• _Exercise directions_
Give back a single figure: the number of lines in the entries below that contain "image".

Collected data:
----

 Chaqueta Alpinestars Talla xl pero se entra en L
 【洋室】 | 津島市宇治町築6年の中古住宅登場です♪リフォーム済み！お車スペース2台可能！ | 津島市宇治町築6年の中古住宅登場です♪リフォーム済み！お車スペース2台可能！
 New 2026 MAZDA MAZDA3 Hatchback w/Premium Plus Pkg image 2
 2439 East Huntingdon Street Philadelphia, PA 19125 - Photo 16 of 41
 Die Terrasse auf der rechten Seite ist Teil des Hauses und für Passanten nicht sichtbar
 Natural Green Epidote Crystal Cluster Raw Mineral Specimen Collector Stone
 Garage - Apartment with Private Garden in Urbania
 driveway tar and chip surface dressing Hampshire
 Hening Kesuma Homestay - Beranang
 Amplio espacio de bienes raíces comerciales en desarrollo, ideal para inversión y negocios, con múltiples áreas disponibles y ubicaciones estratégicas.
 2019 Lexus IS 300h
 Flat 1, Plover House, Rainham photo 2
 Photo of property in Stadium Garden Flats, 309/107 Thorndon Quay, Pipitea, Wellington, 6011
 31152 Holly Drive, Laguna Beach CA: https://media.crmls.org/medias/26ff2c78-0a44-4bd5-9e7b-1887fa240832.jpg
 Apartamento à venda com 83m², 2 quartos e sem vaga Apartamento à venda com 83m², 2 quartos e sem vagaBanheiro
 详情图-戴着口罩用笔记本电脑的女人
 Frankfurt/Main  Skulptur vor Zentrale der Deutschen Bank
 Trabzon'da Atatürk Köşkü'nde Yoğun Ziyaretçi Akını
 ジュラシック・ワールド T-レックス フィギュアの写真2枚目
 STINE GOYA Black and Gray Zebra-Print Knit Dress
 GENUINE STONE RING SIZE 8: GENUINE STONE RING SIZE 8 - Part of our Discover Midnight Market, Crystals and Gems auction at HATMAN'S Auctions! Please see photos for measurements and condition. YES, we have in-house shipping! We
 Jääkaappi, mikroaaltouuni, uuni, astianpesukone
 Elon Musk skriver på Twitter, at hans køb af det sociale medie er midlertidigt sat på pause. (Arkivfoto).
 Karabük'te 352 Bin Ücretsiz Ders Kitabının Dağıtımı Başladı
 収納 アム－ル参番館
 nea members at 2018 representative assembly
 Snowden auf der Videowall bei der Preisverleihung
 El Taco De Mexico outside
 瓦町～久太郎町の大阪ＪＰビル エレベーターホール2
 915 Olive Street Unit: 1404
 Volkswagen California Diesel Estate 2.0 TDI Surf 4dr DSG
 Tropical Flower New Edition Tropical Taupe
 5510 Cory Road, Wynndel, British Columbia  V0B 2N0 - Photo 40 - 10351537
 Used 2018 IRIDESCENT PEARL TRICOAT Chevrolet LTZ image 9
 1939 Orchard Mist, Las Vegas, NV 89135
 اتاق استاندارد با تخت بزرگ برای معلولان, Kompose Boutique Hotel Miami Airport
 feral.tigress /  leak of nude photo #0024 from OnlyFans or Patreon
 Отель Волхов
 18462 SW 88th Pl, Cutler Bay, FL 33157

----

• _The answer_
2